Manifeste fondateur du collectif MANO

LE DEVOIR DE TOUT SOCIOLOGUE, ÉDUCATEUR, POLITIQUE ET, À PLUS FORTE RAISON, ICI, ARCHITECTE OU ARTISTE, EST DE QUESTIONNER SA RESPONSABILITÉ FACE AUX ÉVOLUTIONS QUI AGITENT LE MONDE. UNE DE NOS PRINCIPALES RESPONSABILITÉS CONSISTE À PRENDRE LA MESURE D’UNE RÉALITÉ RADICALEMENT COMPLEXIFIÉE, ACCÉLÉRÉE, DEPUIS LES FAMEUSES ANNÉES 70, FONDÉES SUR UN AVENIR RADIEUX, LE PROGRÈS EN TOUTE CHOSE.

La fameuse crise que vit l’espèce issue du Néolithique était inconcevable sérieusement avant 2008, juste bon pour les diseurs de mauvaise aventure, les Cassandres. Or, la réalité est bel et bien là : de quatre milliards d’habitants vers les années 50/60, nous sommes sept milliards d’hominiens serviteurs du fameux et inévitable marché mondialisé. Avec les dangers d’autodestruction que tout responsable honnête sait, certes, mais peut-être avec une chance encore mystérieuse de trouver une nouvelle issue. Michel Serre nous l’a superbement rappelé encore récemment dans son livre « petite poucette » : « Le monde a tellement changé que les jeunes doivent tout réinventer : une manière de vivre ensemble, des institutions, une manière d’être et de connaître… ».

Au XXIe siècle, la « révolution numérique » bouleverse la vie quotidienne, la recherche scientifique, architecturale et artistique, les relations sociales, l’intimité, la politique : tout. Sensibles à la crise sociale de nos sociétés, nous soutenons qu’il est possible et nécessaire de sortir l’individu de son isolement et de l’inscrire dans une perspective altruiste. Bernard Stiegler parle de la possibilité d’une « nouvelle révolution industrielle qui permettrait d’envisager de nouvelles formes de production très localisées et décentralisées, et revalorisant les savoir-faire après deux siècles de prolétarisation ». Notre époque voit l’arrivée d’un modèle de production collaboratif se développant aux côtés du modèle économique classique, et permettant une meilleure productivité, une meilleure éthique et un engagement solidaire. Nous allons aujourd’hui vers un changement inéluctable et radical de nos vies qu’il s’agit de savoir anticiper. Si des projets comme Wikipédia ou Linux – une encyclopédie libre et un système d’exploitation ouvert – arrivent aujourd’hui à concurrencer les majors institutionnels, quelles peuvent être les innovations sociales et spatiales à même de les accueillir ?

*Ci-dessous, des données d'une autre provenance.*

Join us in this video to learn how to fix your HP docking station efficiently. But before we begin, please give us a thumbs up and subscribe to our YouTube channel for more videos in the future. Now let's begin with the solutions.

En France, c’est en 1968 que les beaux-arts décident de séparer l’architecture des autres pratiques artistiques. Les beaux-arts étaient au nombre de quatre : peinture, sculpture, gravure, avec l’architecture jusqu’à ce que le ministre de la culture André Malraux crée huit unités pédagogiques d’architecture distinctes, en réponse à la crise de l’académisme portée par les conflits politiques. Ce faisant, la politique brisait l’unité des disciplines des arts plastiques.

Était-ce un bien ou un mal ? L’interdépendance des intérêts, besoins, marchés, dangers sociétaux depuis les années 70 est telle que paradoxalement chaque corps professionnel s’est isolé progressivement des autres, et à l’intérieur de ces corps chacun s’est spécialisé.

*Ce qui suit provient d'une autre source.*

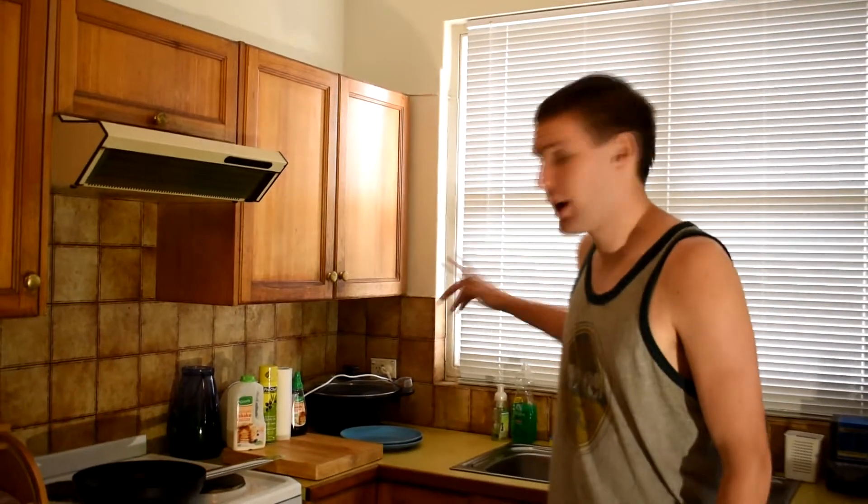It's fucking time for Cook on the Cob! G'day guys, it's Cook on the Cob here, and today I'm gonna whip up some pancakes.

Les nouveaux espaces de travail collaboratifs que l’on voit aujourd’hui fleurir un peu partout à Paris sont un bon exemple de tentative de décloisonnement des disciplines, par la mise en commun de l’espace, multipliant ainsi les opportunités d’échanges et de partage, premiers signe concret d’une nouvelle société du savoir. Sur le modèle des logiciels ouverts, cette nouvelle communauté peut permettre à un individu d’acquérir facilement des connaissances pour améliorer sa propre situation. Parce que de type d’enrichissement contributif est l’avenir de notre civilisation, intéressons-nous au moyen d’accéder à cette société partagée, apte à recevoir une dynamique sociale forte, et permettant aux individus de produire et de développer « en commun » des capacités et du savoir, de la nécessité et du sens. Dans un esprit de combat, radical et engagé, risquons-nous donc dans cette ambitieuse et salutaire aventure contemporaine.